内燃機関に逆風が吹く中 スカニアが大型ハイブリッドトラックを刷新!

ハイブリッド化の詳細

 大型商用車のハイブリッドに取り組んでいる完成車メーカーは多くないが、スカニアはその中の一社だ。

 スカニアの上級副社長でEモビリティを担当するフレデリック・アラード氏は次のように話している。

 「GE281は大型トラックの世界では全く新しいものです。スカニアの第4世代ハイブリッドトラックにより、さまざまな架装と用途のハイブリッド化を可能にしました。比較していただければ、スカニアのハイブリッドが最善の選択肢になるでしょう」。

 実際にスカニアはこのセグメントにおけるパイオニアで、2014年に導入した第1世代の大型ハイブリッドトラックでは、電気のみでの走行距離は最大2kmだった。

 「この数字は、今日の”60km”という数字からすれば貧弱に見えるかもしれません。しかしこの産業にとっては重要な最初の一歩でした。排気ガスと騒音を出さない走行が確かに可能であり、もちろんハイブリッドソリューションにより燃料も節約できます。新たな水準をもたらす新型ハイブリッドでは、GE281の出力がICEを上回ることがしばしばあります。したがってICEの現在の重要な役割は、より長い区間を走行する時に航続距離を延伸することです」。(同氏)

 電動マシーンはパワフルなだけでなく、汎用性にも優れている。PTOは運転中も使えるし、電動走行中でも使える。馬力が足りない場合は、「パワーモード」を選択するとICEの回転数アップにより100hp(74kW)が追加されるなど、ドライバビリティも向上した。

 搭載するバッテリーは、PHEVが90kWh(3x30kWh)で、HEVは30kWh。

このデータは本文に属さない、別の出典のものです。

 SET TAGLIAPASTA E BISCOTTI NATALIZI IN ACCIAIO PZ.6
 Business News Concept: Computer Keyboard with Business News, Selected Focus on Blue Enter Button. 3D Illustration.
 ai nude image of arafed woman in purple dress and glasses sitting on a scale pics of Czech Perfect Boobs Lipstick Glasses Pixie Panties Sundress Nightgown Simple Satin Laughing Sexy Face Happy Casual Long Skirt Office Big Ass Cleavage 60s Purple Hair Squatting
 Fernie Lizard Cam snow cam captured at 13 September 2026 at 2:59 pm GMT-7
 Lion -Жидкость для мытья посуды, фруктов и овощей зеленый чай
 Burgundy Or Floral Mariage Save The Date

PHEVの充電は95kWDC充電器で35分なので、休憩中や荷役中にもフル充電が可能だ。

燃費向上と積載量アップを訴求

 また、DC09型エンジンからDC07型のハイブリッドへダウンサイズすることで積載量は250kg増加する。エンジン重量の減少分を差し引いても、ハイブリッド化により車両重量は750kg増加する計算になるが、EUの規制は電動車両の積載量に最大1tのエクストラ・ウェイトを認めているためだ。
(注・日本では認められていません)

 ハイブリッドシステムによりどれだけ燃料を節約できるかは、もちろん、さまざまなファクターの影響を受ける。例えば運用方法、道路勾配、スタート&ストップを繰り返すなど……。

 高速道路を一定速で巡航しているときなど、電動モーターはあまり役に立たない。最も燃料削減効果が大きいのは交通量の多い都市部での走行で、最大で約40%の燃料を削減できるという。

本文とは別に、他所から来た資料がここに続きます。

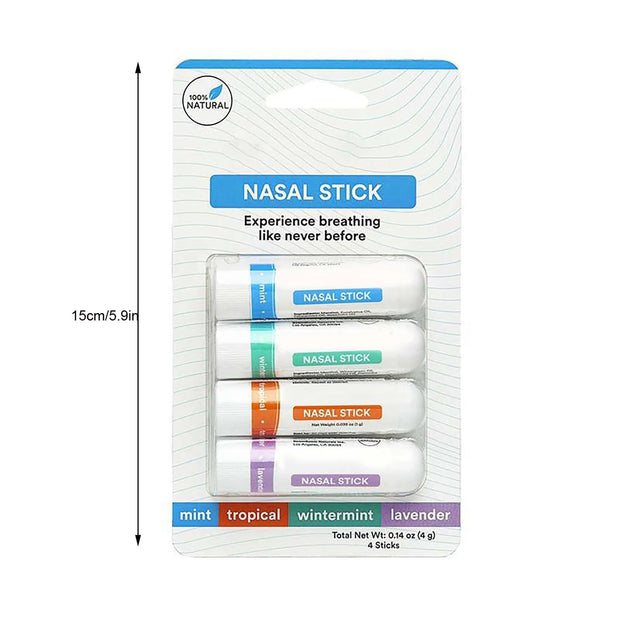Nasal Stick (4 Pack) – Boosts Focus, Enhances Breathing & Provides Fresh Sensation | Aromatherapy Inhaler with Essential Oils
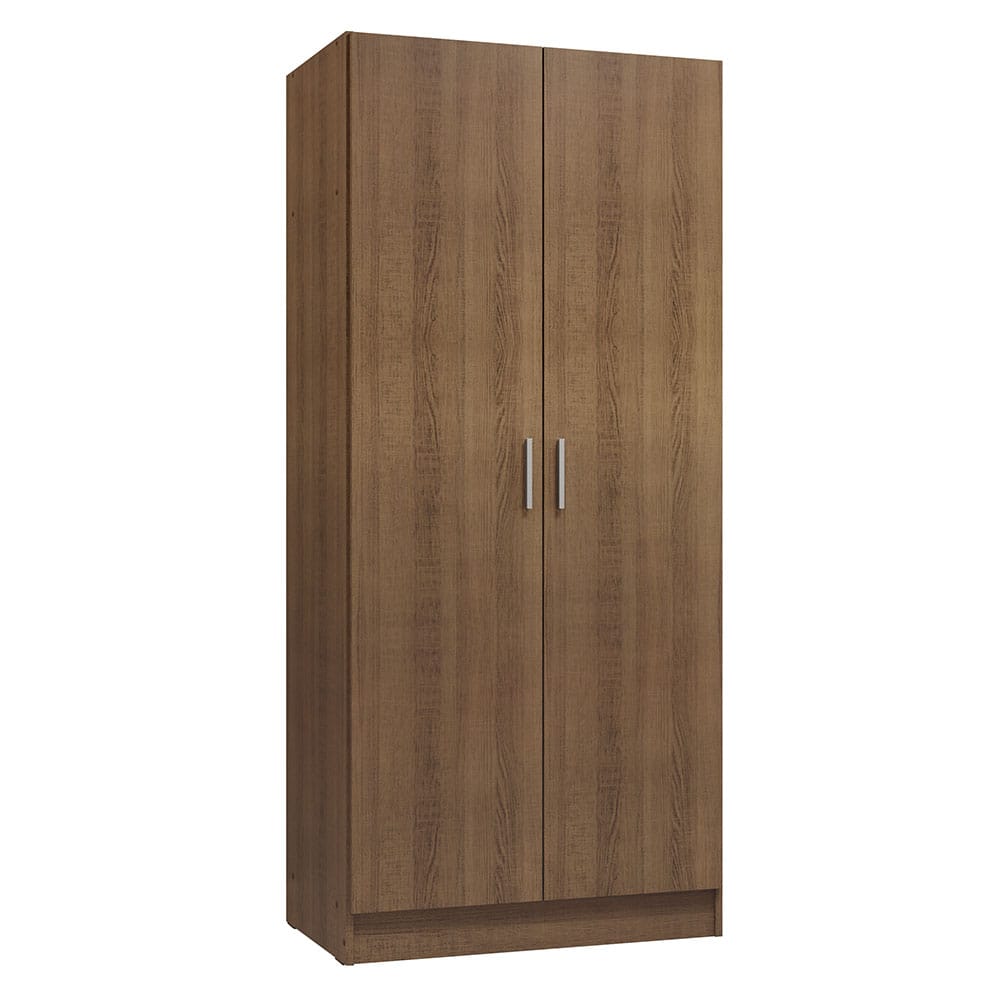 Madesa - 2 Door Wardrobe Storage Cabinet with Hanging Space and Ample Shelf 31"L - Rustic - Brown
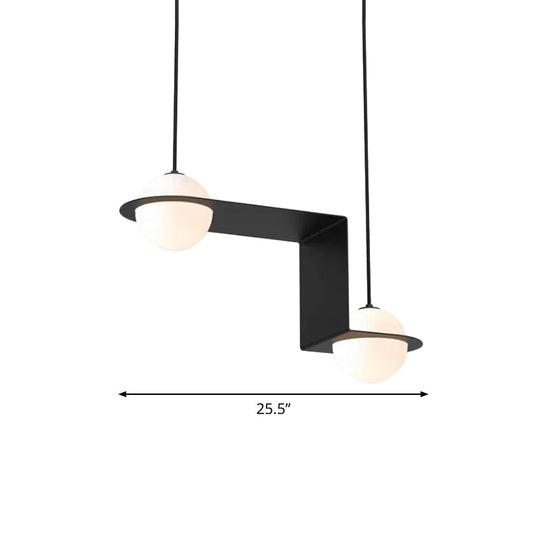 Modern Cream Glass Globe Pendant Light with Z-Frame - Black Finish - 2 Heads - Warm/White Light for Dining Room Hanging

 スカニアは将来的にトラックはBEV(バッテリー式EV)に置き換わって行くと考えている(実際にBEVトラックも発表している)が、航続距離が延び、あらゆる場所に充電インフラが整備されるまでは時間がかかるため、「少なくとも向こう10年は、ハイブリッドには確実に可能性がある」(同氏)という。

 柔軟性と使いやすさなど、スカニアが「今日、市場で購入できるトラックの中で最高の、成熟した本格的なハイブリッド」と語る新世代HEV/PHEVトラックは持続可能な輸送システムに向けた前進と言えそうだ。

 「電動化を進めるが、科学に基づいた二酸化炭素の削減によりパリ協定をサポートする」というスカニアらしい現実的なアプローチである。